## YOUR ASSIGNMENT
Starting at the line with "Gossard Women's Nude", retype every remaining line of the records exactly. Do not include pictures.

+ + + +

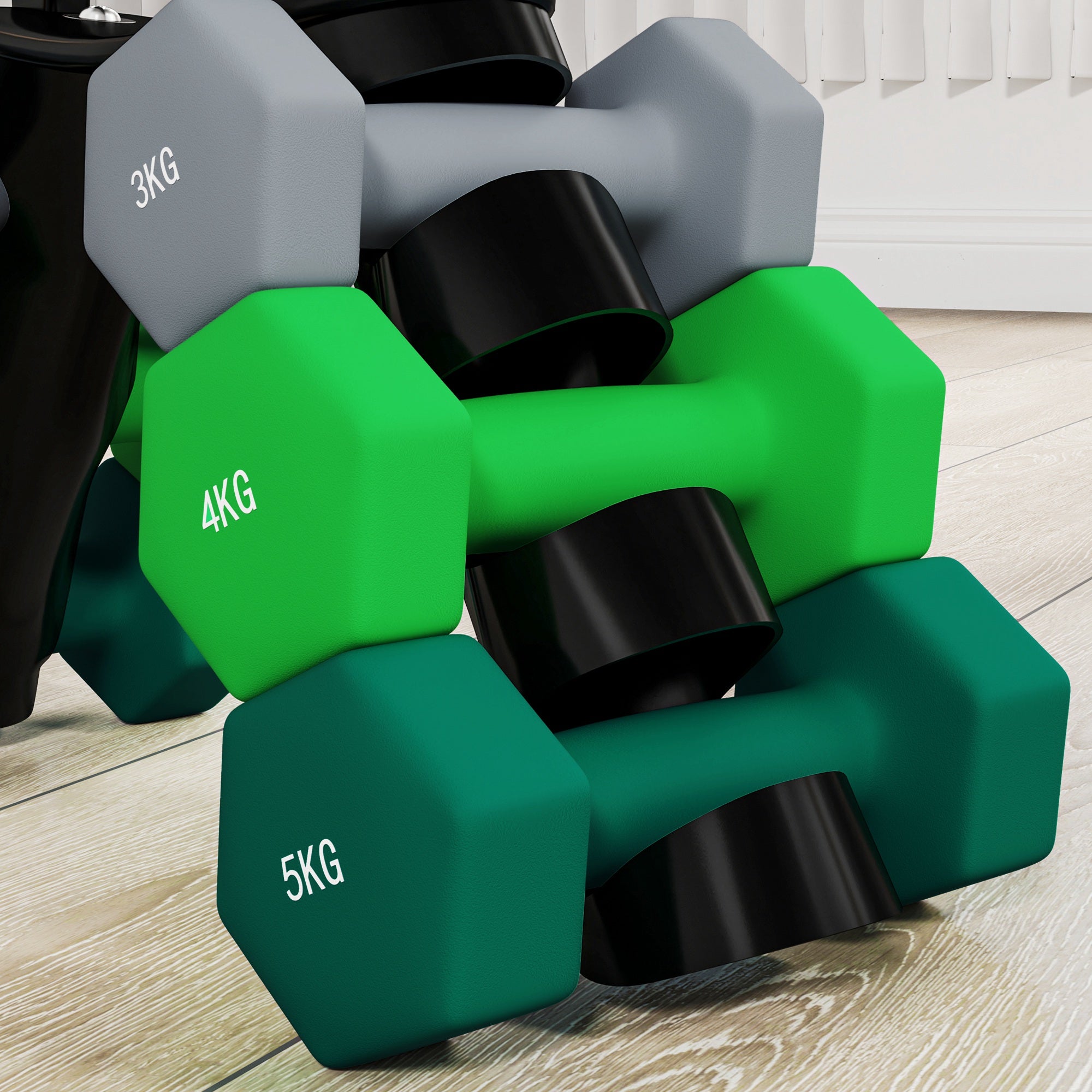 SPORTNOW Hantelset mit Aufbewahrungsgestell, Set mit 6 Hanteln für Fitness-Training, 2 x 3kg, 2 x 4kg, 2 x 5kg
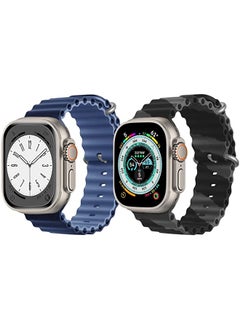Silicone Ocean Band Strap for Apple Watch Ultra 8 49mm Navy Blue/Blue Double Side Strap with Black/Gray Double Line Strap Set of 2
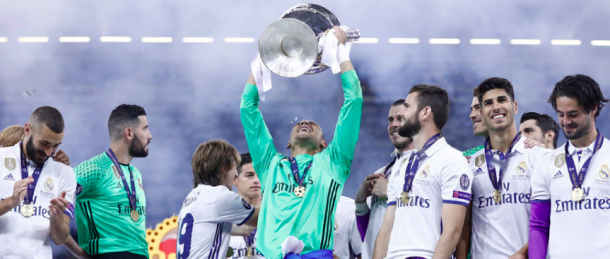 Keylor levantando la Champions. Foto: Real Madrid.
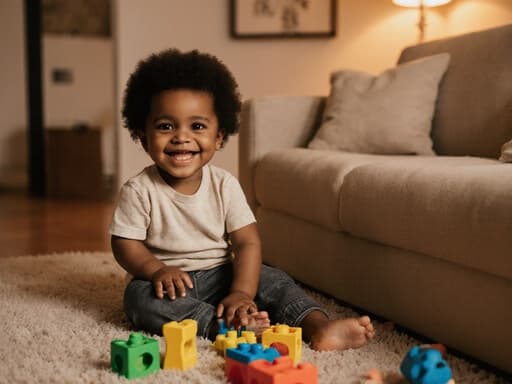 사랑스러운 외모를 가진 1세의 흑인 남성이 편안한 티셔츠와 바지를 입고 소파에 앉아 장난감을 가지고 놀고 있는 반신 촬영 이미지입니다. 아늑한 거실에서 부드러운 조명이 비추는 가운데 장난감이 놓여져 있으며, 행복한 미소로 기쁨을 발산하는 모습이 따뜻하고 유쾌한 분위기를 자아냅니다.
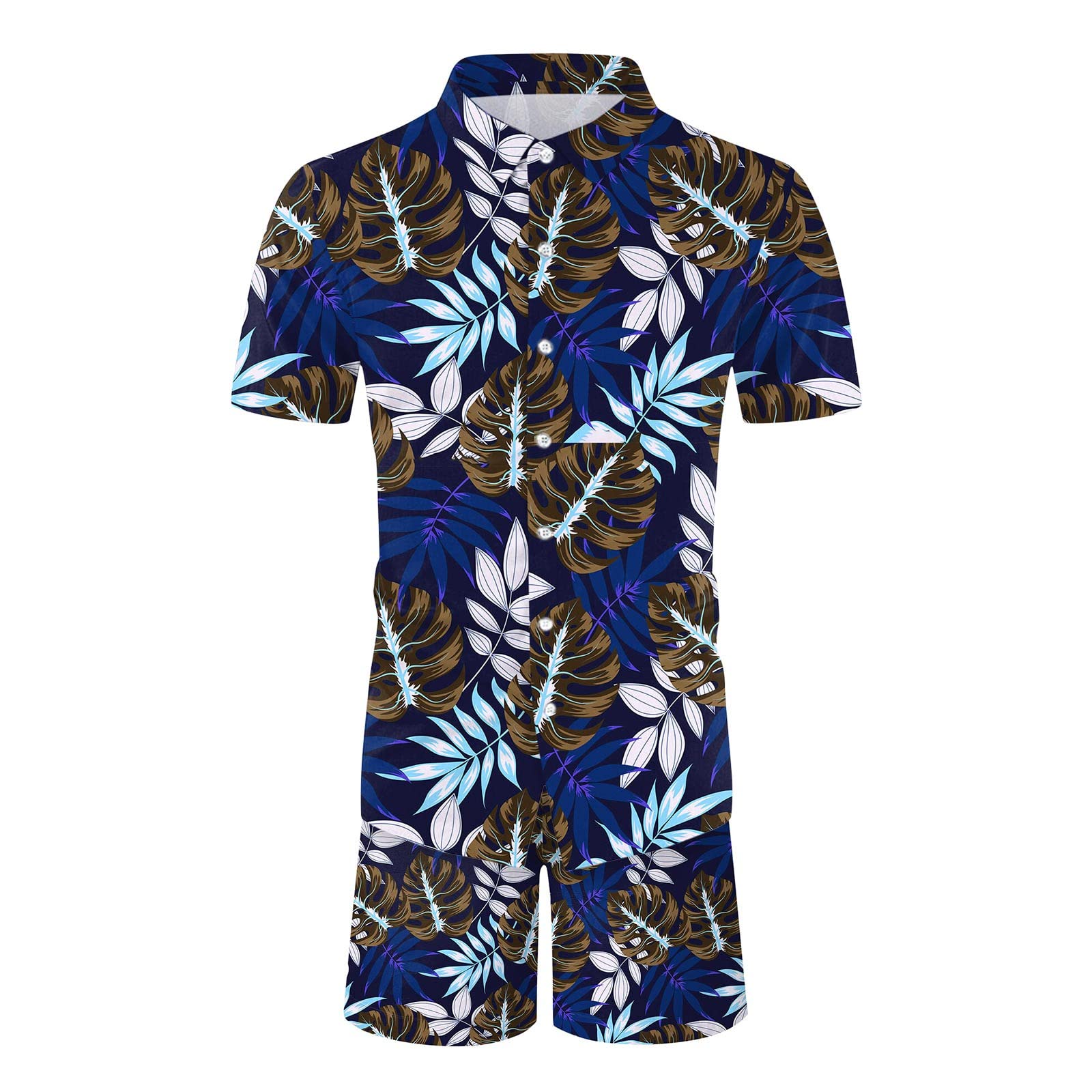 STYR Men's 2-Piece Summer Outfit - Hawaiian Beach Short Sleeve Shirt & Shorts Set with 3D Digital Print | Gym, Vacation & Casual Wear for Seaside Holidays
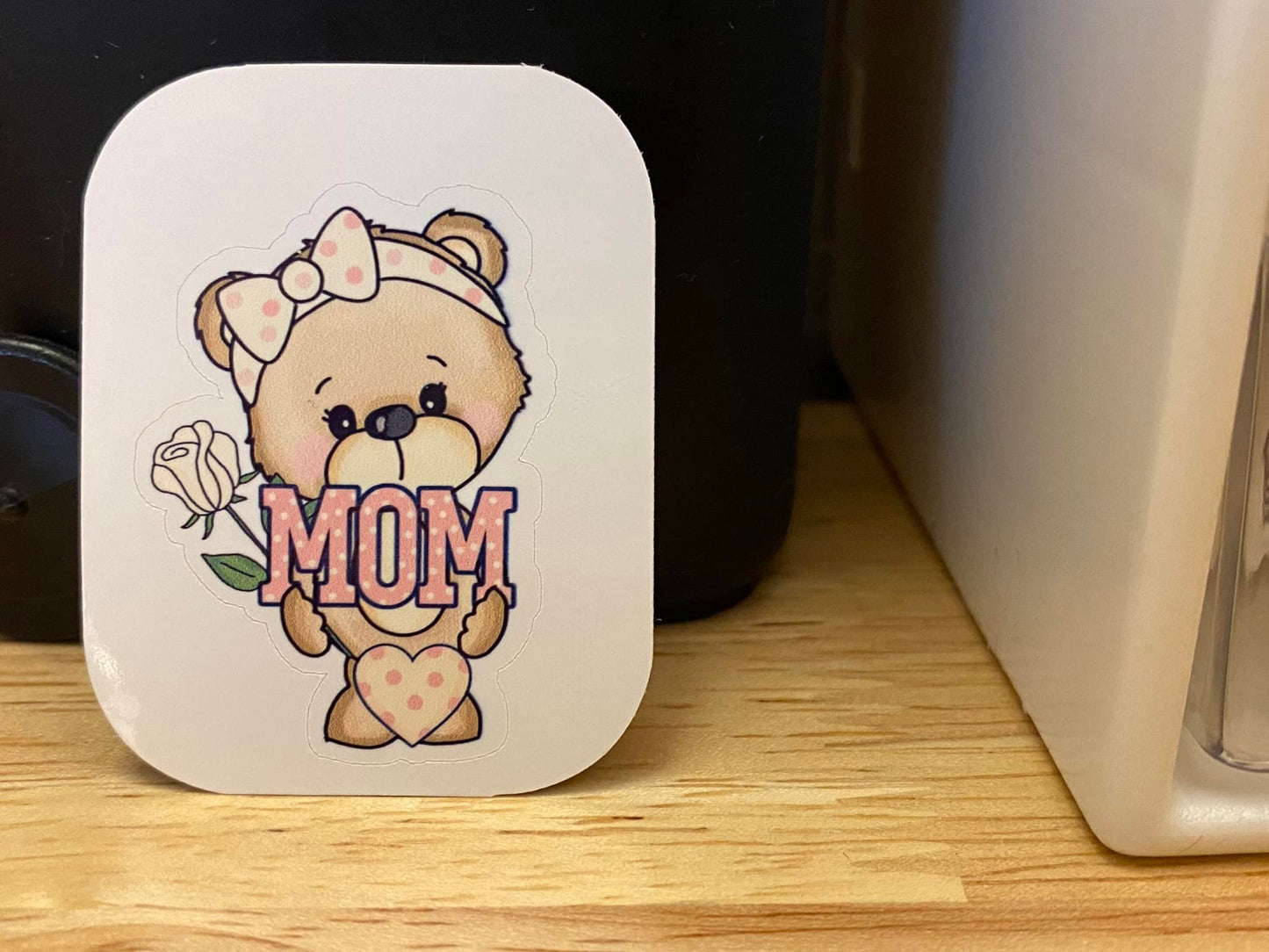 Bear with Headband with Mom Sticker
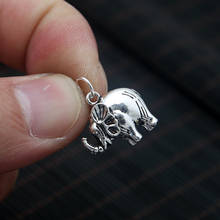 FNJ Animal Elephant Pendant 925 Silver Original Pure S925 Thai Silver Pendants for Jewelry Making Women Men 2024 - buy cheap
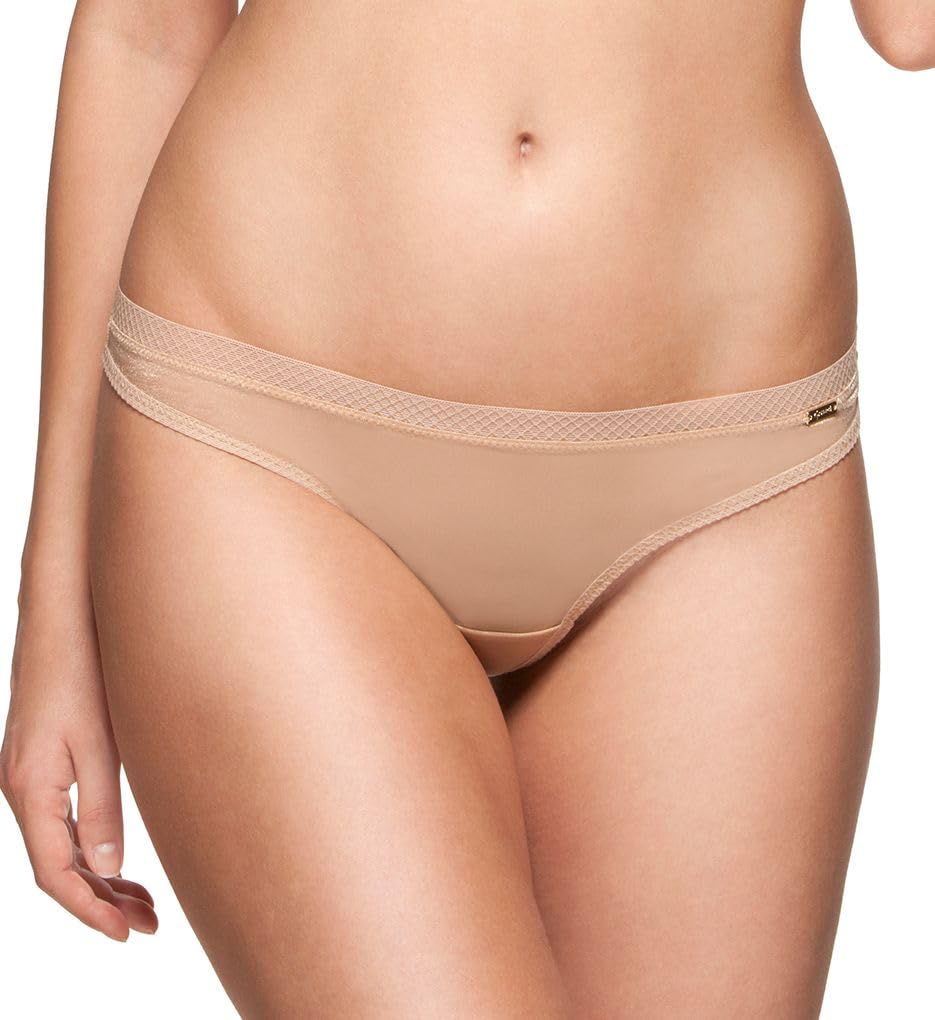 Gossard Women's Nude Glossies Lace Thong Beige L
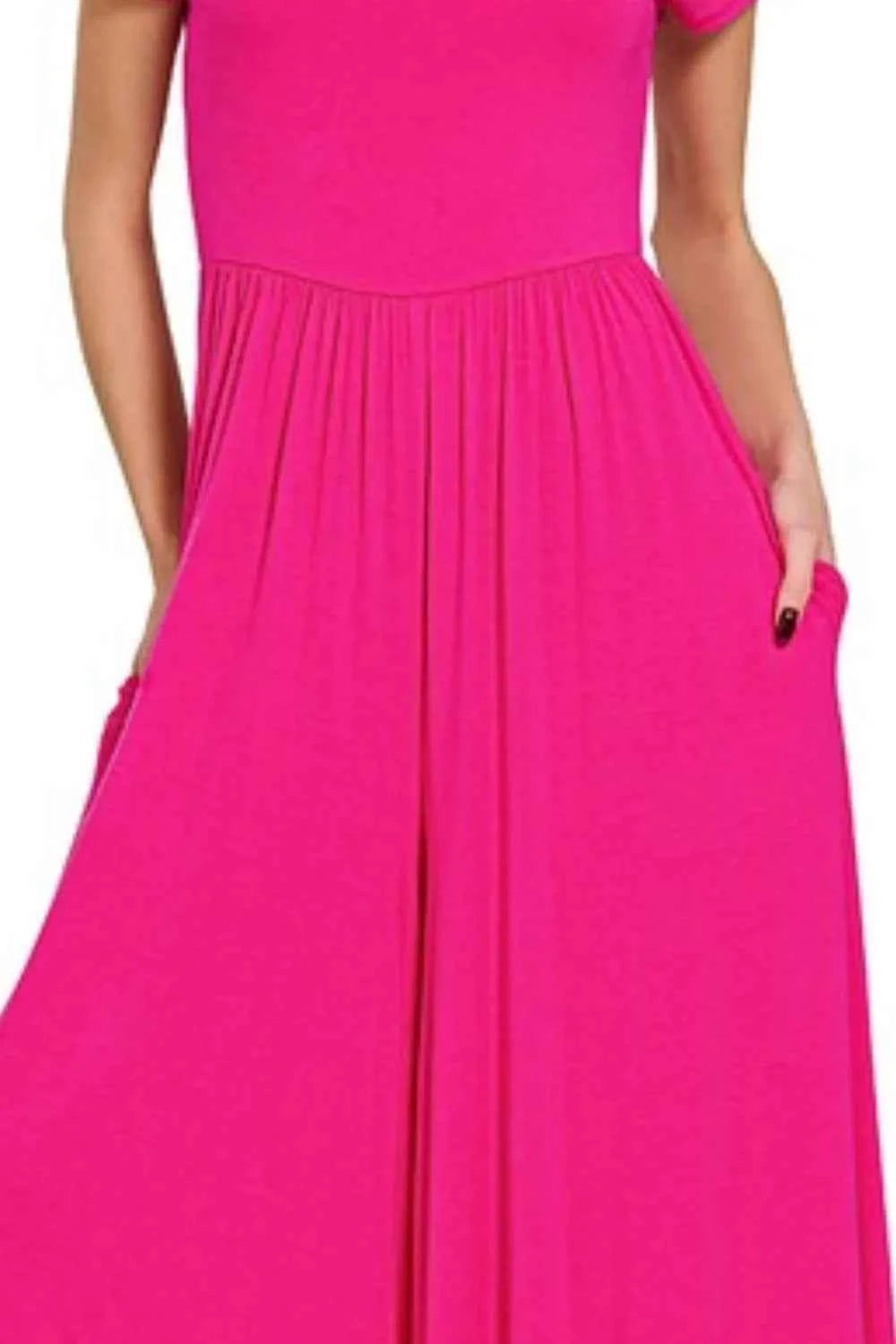 Zenana Double Layered Short Sleeve Jumpsuits e2691ff1-56f1-4403-b69a-258a086d7d83-Max-Origin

+ + + +

## TASK OUTPUT
 Gossard Women's Nude Glossies Lace Thong Beige L
 Zenana Double Layered Short Sleeve Jumpsuits e2691ff1-56f1-4403-b69a-258a086d7d83-Max-Origin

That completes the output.